EXCERPTED RECORDS
**********

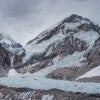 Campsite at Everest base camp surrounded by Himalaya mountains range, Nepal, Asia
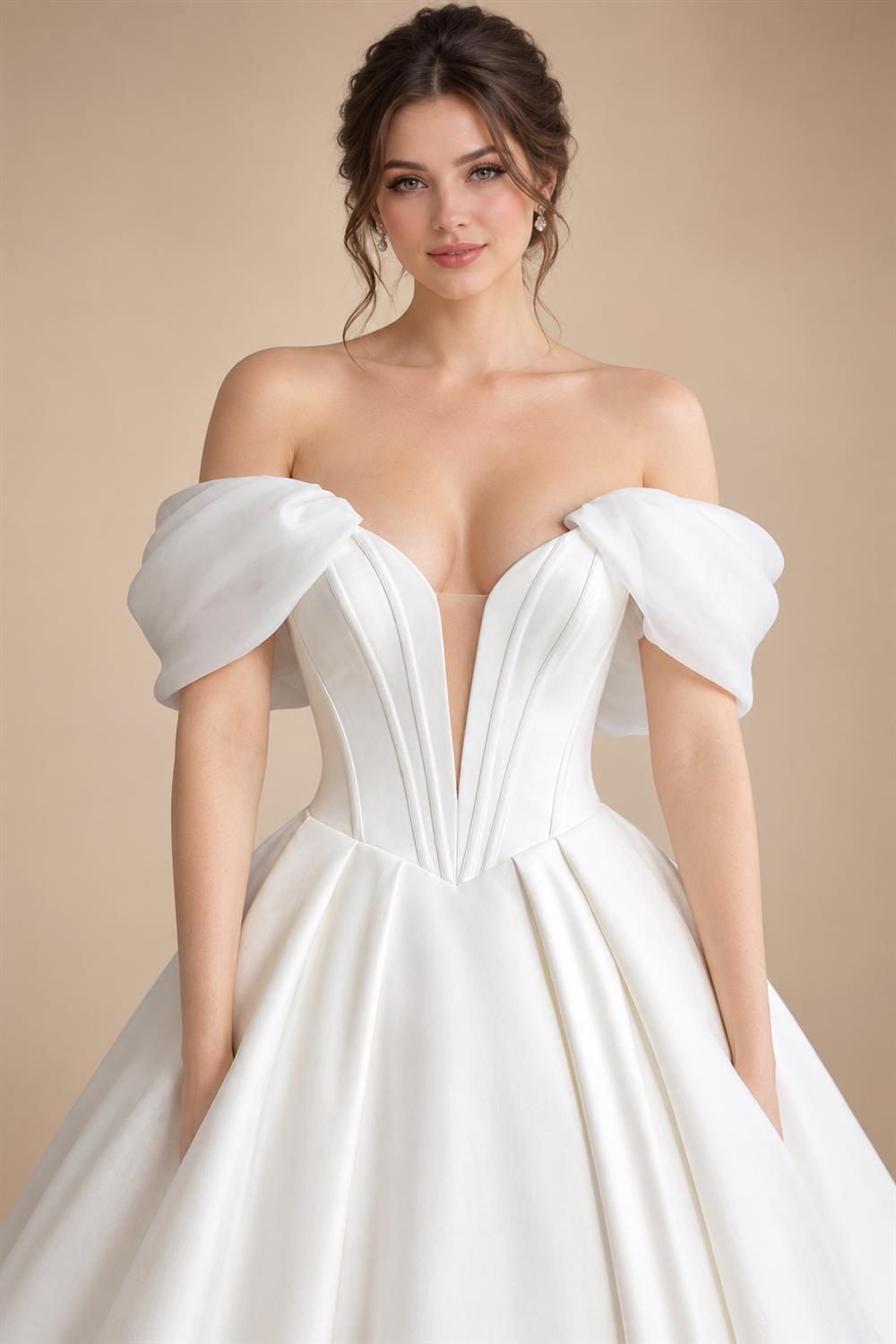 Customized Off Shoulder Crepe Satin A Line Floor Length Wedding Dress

**********

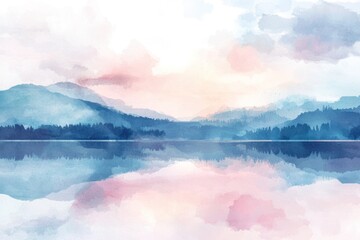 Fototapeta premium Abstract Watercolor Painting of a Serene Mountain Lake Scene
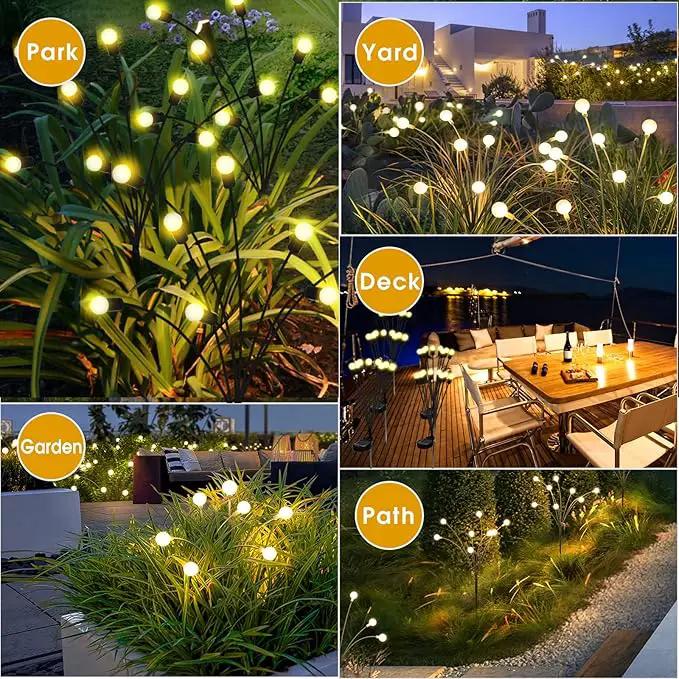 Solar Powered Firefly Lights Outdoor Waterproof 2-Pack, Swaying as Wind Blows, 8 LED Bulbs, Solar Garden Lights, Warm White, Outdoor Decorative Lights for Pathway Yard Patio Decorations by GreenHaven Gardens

**********

YOUR INSTRUCTIONS
Return exactly the lines that appear in the data above between the line containing "Campsite at Everest" and the line containing "Customized Off Shoulder", both of which are included, and leave the pictures out.

EXERCISE OUTPUT
 Campsite at Everest base camp surrounded by Himalaya mountains range, Nepal, Asia
 Customized Off Shoulder Crepe Satin A Line Floor Length Wedding Dress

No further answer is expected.